Short text fragments from websites:
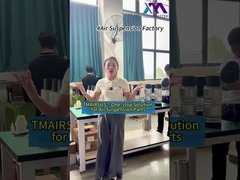 TMAIRSUS®: एयर सस्पेंशन पार्ट्स के लिए आपका वन-स्टॉप समाधान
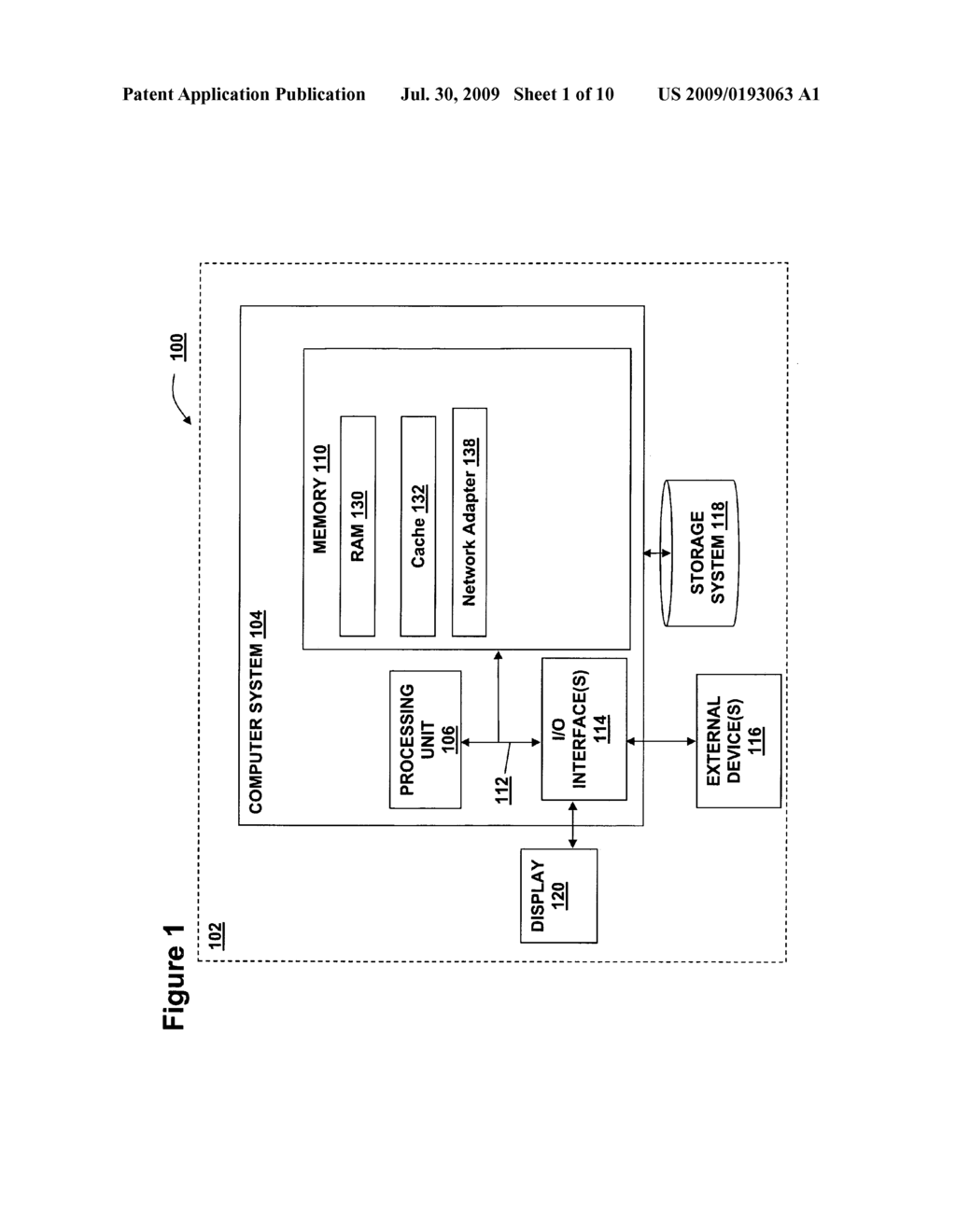 SYSTEM AND METHOD FOR LEGACY SYSTEM COMPONENT INCREMENTAL MIGRATION - diagram, schematic, and image 02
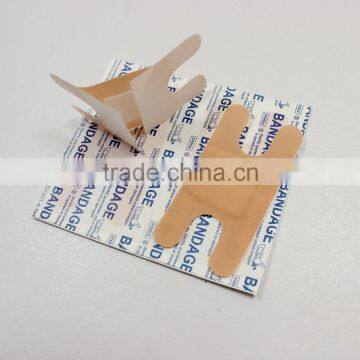Adhesive PE Material Bandage 76x38mm photo-2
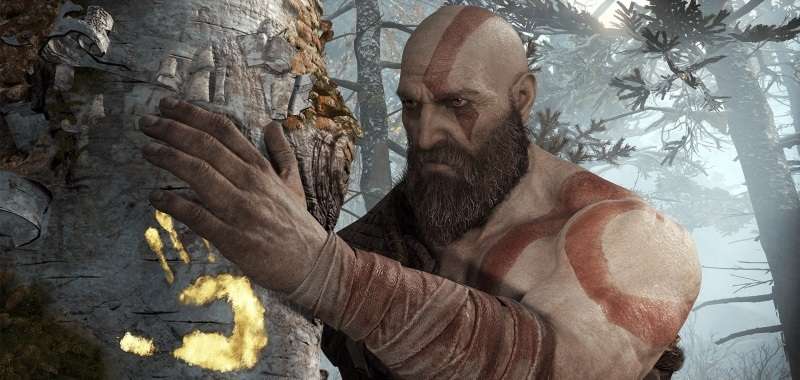 God of War. Oryginalny głos Kratosa wyjaśnia, dlaczego nie wziął udziału w pracach nad najnowszą częścią serii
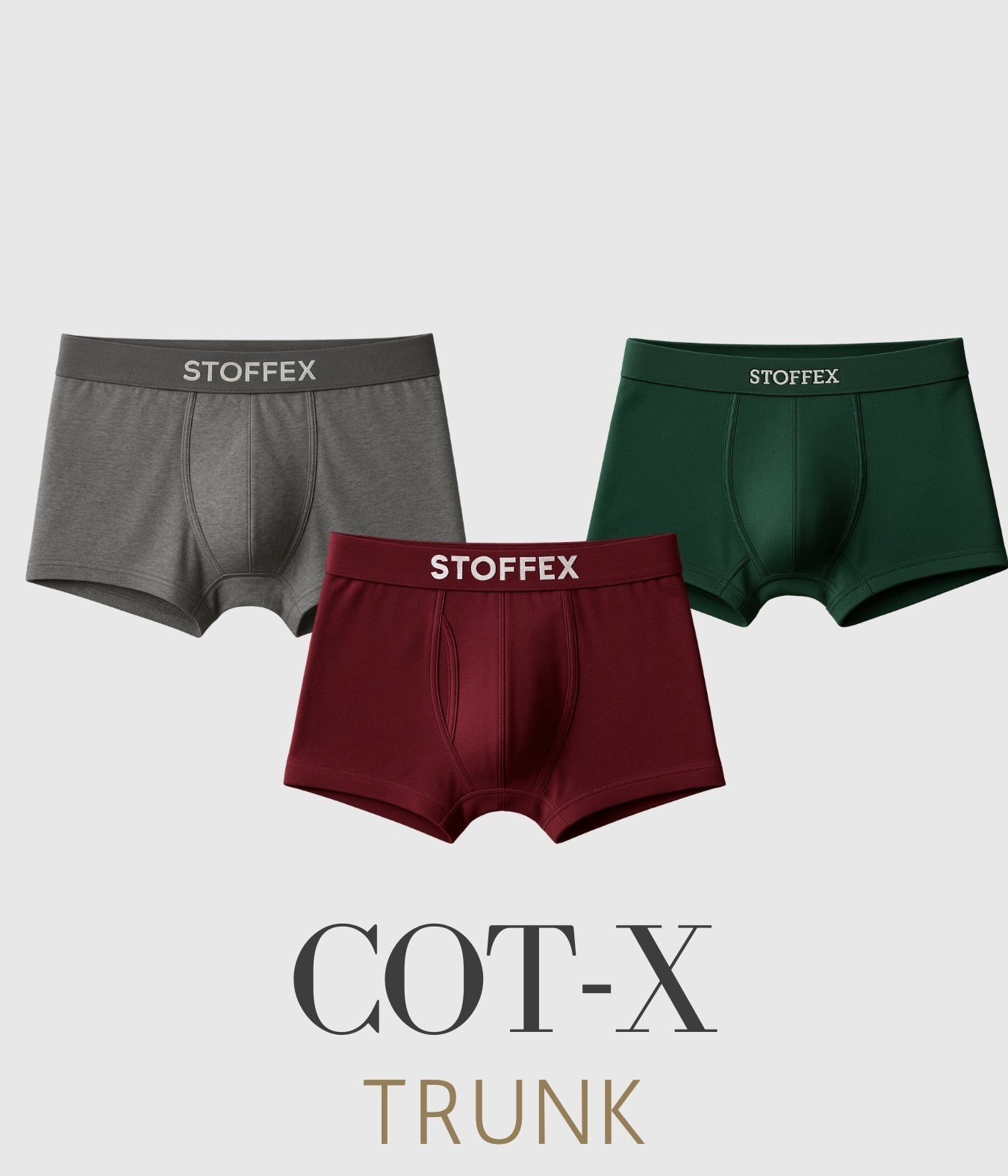 COT-X TRUNK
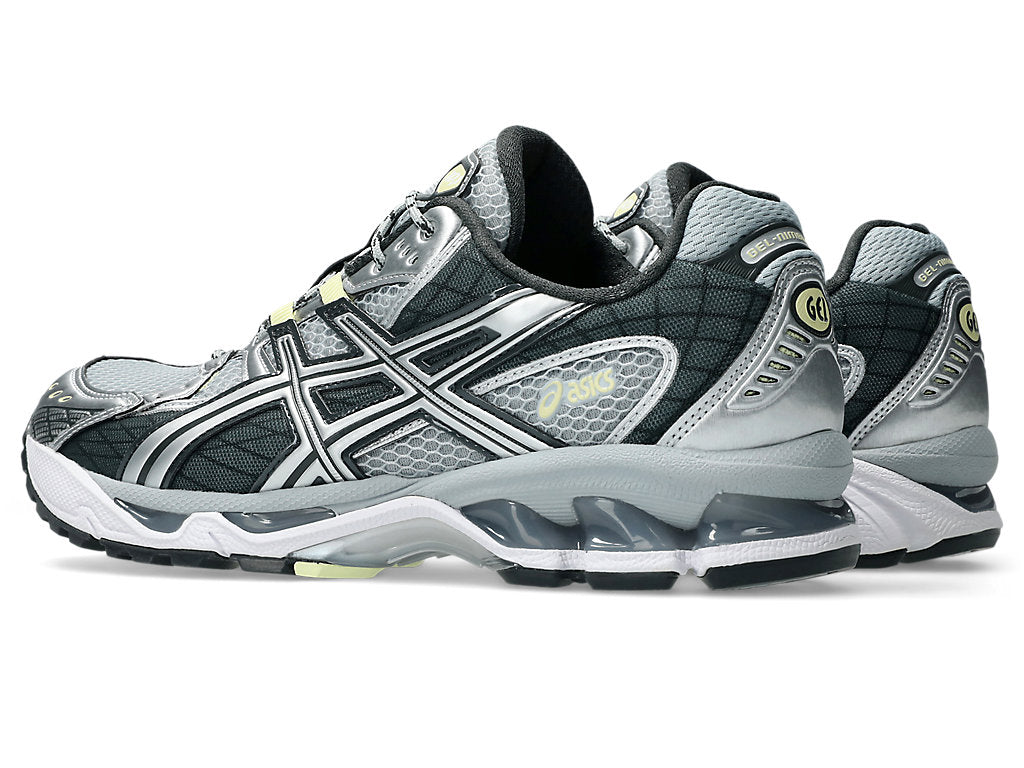 ASICS GEL-NIMBUS 10.1 PIEDMONT GREY/GRAPHITE GREY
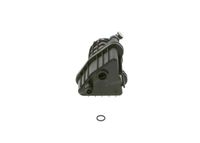 BOSCH Kraftstofffilter, Art.-Nr. 0 450 907 016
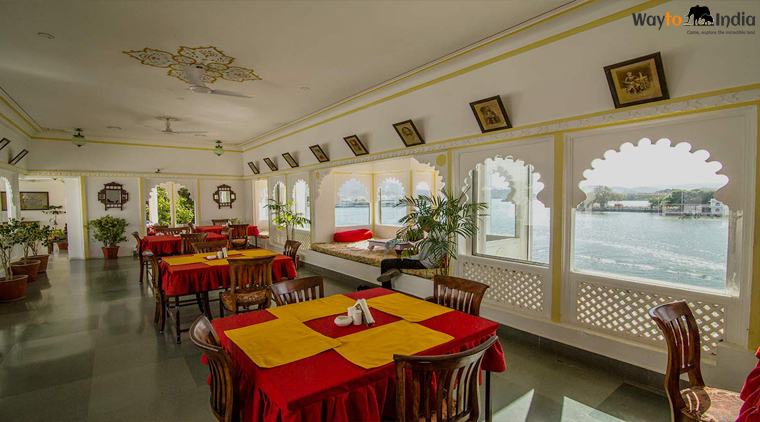 Udaipur And Mount Abu Tour Package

### YOUR GOAL
Beginning with the line that contains "ASICS GEL-NIMBUS 10.1" in the data above, please copy each line exactly until the last line, both ends included, skipping any pictures.

### SOLUTION FOR THIS TASK
 ASICS GEL-NIMBUS 10.1 PIEDMONT GREY/GRAPHITE GREY
 BOSCH Kraftstofffilter, Art.-Nr. 0 450 907 016
 Udaipur And Mount Abu Tour Package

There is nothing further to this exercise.